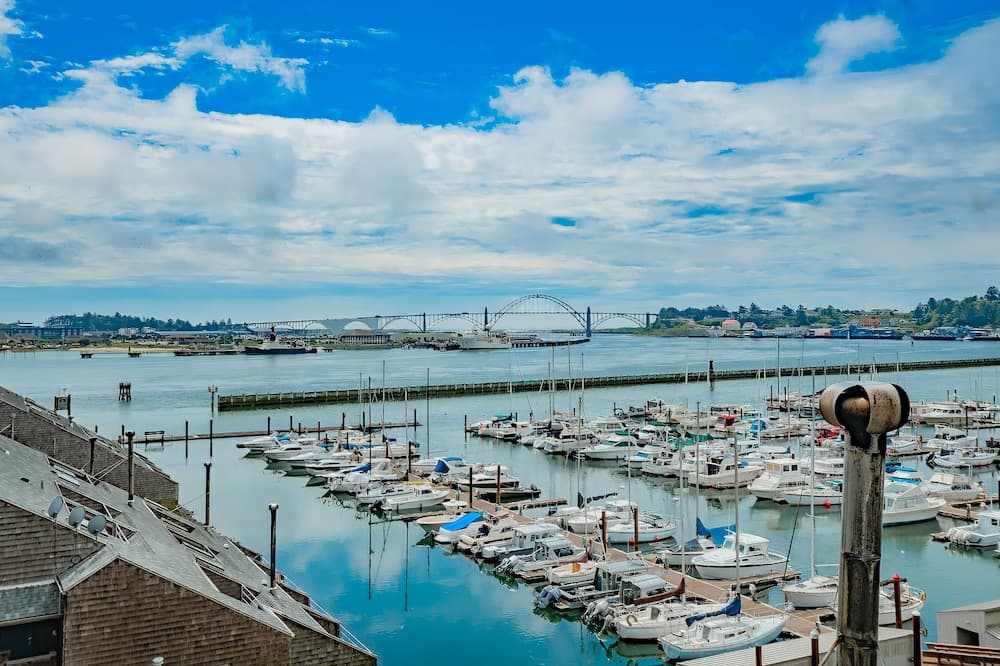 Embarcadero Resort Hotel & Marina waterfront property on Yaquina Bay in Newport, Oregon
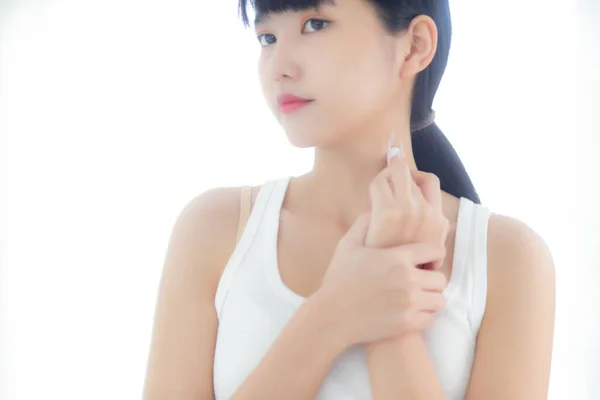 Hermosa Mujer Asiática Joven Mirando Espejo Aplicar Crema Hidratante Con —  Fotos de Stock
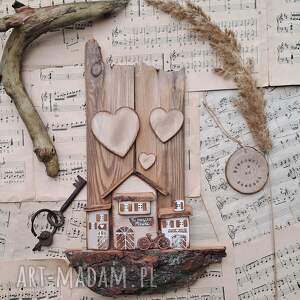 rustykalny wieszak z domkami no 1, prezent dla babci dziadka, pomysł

Brief:
The expected output is the full data above, reproduced exactly with no images.

Answer for this exercise:
 Embarcadero Resort Hotel & Marina waterfront property on Yaquina Bay in Newport, Oregon
 Hermosa Mujer Asiática Joven Mirando Espejo Aplicar Crema Hidratante Con —  Fotos de Stock
 rustykalny wieszak z domkami no 1, prezent dla babci dziadka, pomysł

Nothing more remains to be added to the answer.